One of the more basic questions I always get asked is “whether or not qualifications is the most important aspect of hiring or finding a “job-fit””. For the most part, senior managers would tell you that “attitude is more important than qualifications”; this however is a rather shortsighted answer as we all know that only qualified applicants make it the top of the heap especially when it comes to mission-critical posts. The quick answer is to say that you need both the qualifications and the right attitude to get the job. Qualifications are almost always one of the barest requirements. However, with that said, you cannot get hired on the basis of your CV alone, nor can you get hired where all you can bring is your positive attitude. You obviously need both, and it gets a bit more complex than that. Nonetheless, you must have a strategy to punch your way to the top.
At the higher levels where the supposed crème de la crème gets vetted for positions, the supply side (applicants) would have already been strategically positioned for the post and there are strategies on how to get there.
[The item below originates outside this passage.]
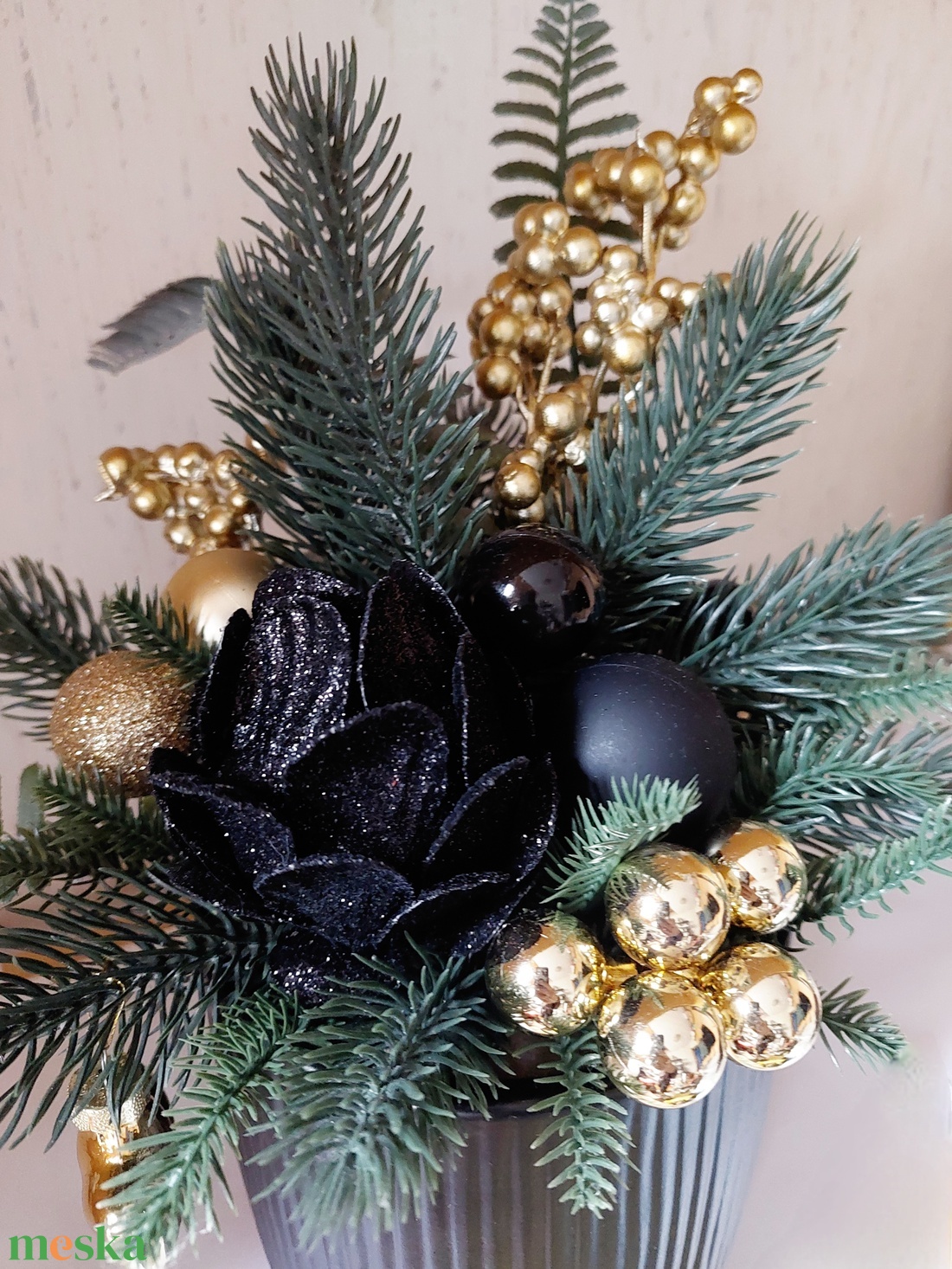 Adventi, karácsonyi, modern asztaldísz, kandallódísz, arany-fekete - karácsony - adventi díszek - adventi asztaldísz - Meska.hu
Here are a few factors that I’ve seen come into play when shopping for the best talents:
Being connected with the right people and networks is the best way to get a leg-up on a career.
• Network: It is often said that a “break” is attributed to being at “The Right Place at the Right Time”. But there’s more to it than just “luck”. What is more important is being with the right people under the right circumstances and it sometimes takes a strategy to get there. Find a mentor that could show you the ropes and perhaps even offer some introductions and recommendations.
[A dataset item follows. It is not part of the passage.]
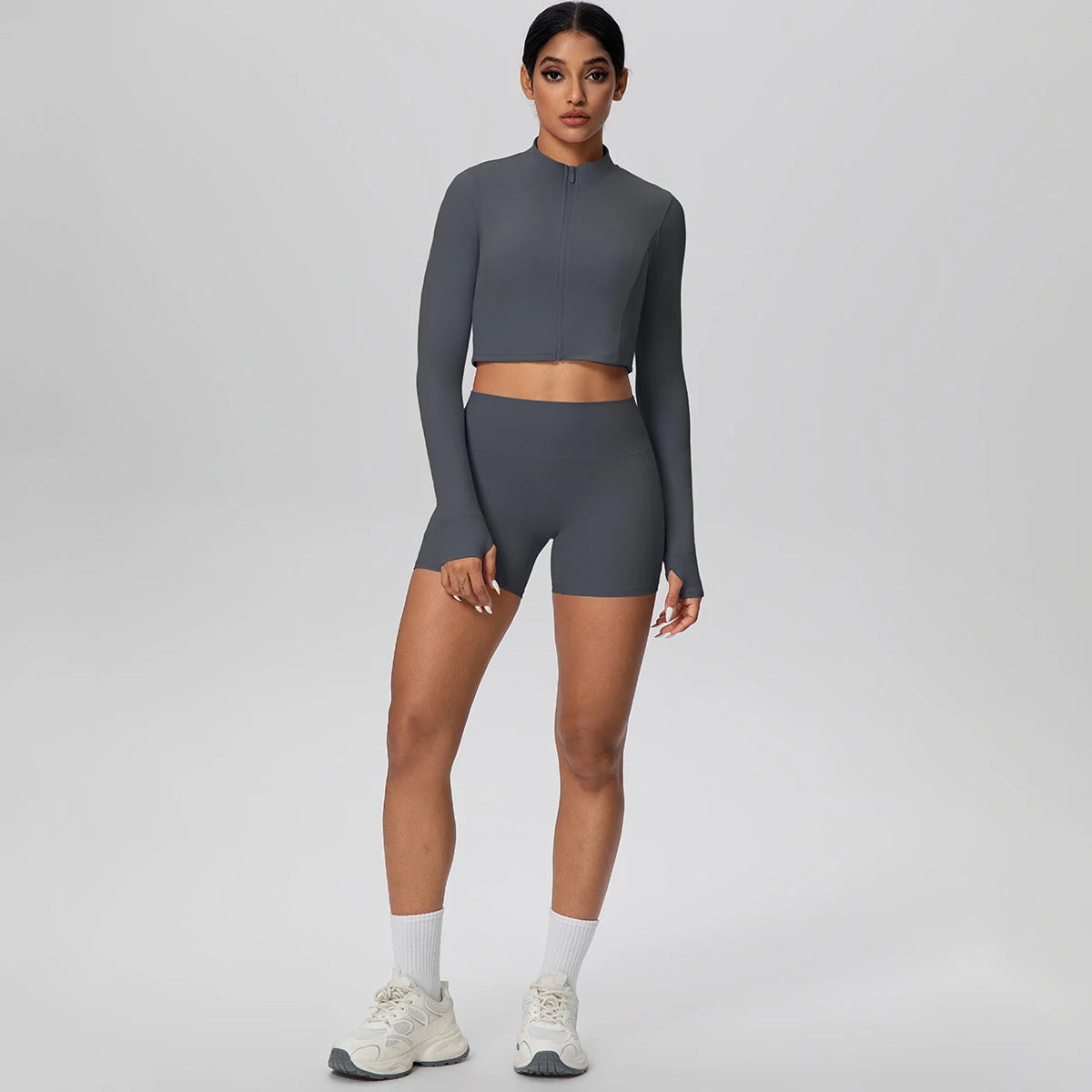 Women's Quick-Dry Running & Yoga Set – Zip-Up Jacket & Pocket Workout Shorts (2-Piece Activewear Set)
• Birds of the Same Feather: Surround yourself with performance driven people and not the opposite. We are often also known according to our associations. If you want to make a career in a specific domain, then you also have to be within those circles that matter.
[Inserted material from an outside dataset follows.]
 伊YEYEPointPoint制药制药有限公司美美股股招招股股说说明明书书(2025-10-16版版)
• Flirting with the Secretary: I am not saying this literally at all, but you also need to be street smart when your CV is just one among the huge pile of resumes. Come in early to get acquainted with your surroundings. Get some background information about the company and your possible boss before the interview and make sure the interviewer knows that you have arrived. Yes, be friendly but also be authentic.
YOUR REPUTATION PRECEDES YOU. BUILD YOUR BRAND!
• Put your name on it: More than where you’ve worked and where you went to school, employers are much more interested in what you’ve actually accomplished. Publications and awards help.
• Enlarge your digital footprint: Use internet to your advantage. Associate yourself based on things that could improve your reputation and career. Let people know what you believe in, and what your values stand for. It’s common knowledge that employers will search for you on the internet to get some background, so you might as well use it to your advantage. I once got a shock when someone practically revealed that he stalked my accounts when I gave a talk on Strategic Planning. He started a conversation by talking about my hobbies only to reveal that he saw one of my online posts on cycling. Creepy, but I guess people do it all the time (including employers).
CLOSING THE DEAL (Negotiating)
• Find a subtle leverage: Give your prospective employer an idea that they are one of your options. Give them a clue as to who you have been speaking to, ideally an important account where you have connections or perhaps even competition. Give them an impression that you want to be significant in your industry. Be ethical! Leverage your value by knowing the talent market but never divulge confidential information!
• Solve a Problem: Be familiar with the industry and where their company is positioned and trade your possible contribution to the enterprise.
THE GLASS SHOE!
As I said, the question is more often more complex than just a matter of qualifications versus attitudes. You simply need to have both when you’re trying to move up in the game. What matters most is not just having the skill and the attitude for the job but rather the right mindset and acumen to fit into an organisation.
But even with the right skills, attitude and strategies to get into the organisation, if you are not a fit into their culture and strategy, then you shouldn’t really force it. Doing so might make yourself less marketable. Do your research and ask around! It is never all about you to begin with.
These factors come fresh in my mind as I have just finished doing an interview with someone who according to the resume could be the perfect fit. Only to find out after numerous exchanges over email that his communication skills need work and his attitude needs a bit of adjustment. Between him and a more personable and respectful candidate with similar qualifications, it’s easy to think that I’d go for the latter. Come to think of it, there are others like him in the pile and employers shouldn’t make decisions in a rush to fill out a post. The commitment entails both a legal and social contract.
It may seem too basic at this point but finding the “right-fit” given all the prerequisites just boils down to the question of whether or not I could work with this person or with my team? How well could this candidate relate with the rest of our stakeholders? Every employer has a mental model of that perfect someone who can fit into the glass shoe. Could you actually be that cinderella remains to be seen. In the meantime it pays to do some research, get grounded and play your cards well. Perhaps you’ll find yourself in that moment of truth in which case, if the shoe fits, then wear it! Congratulations!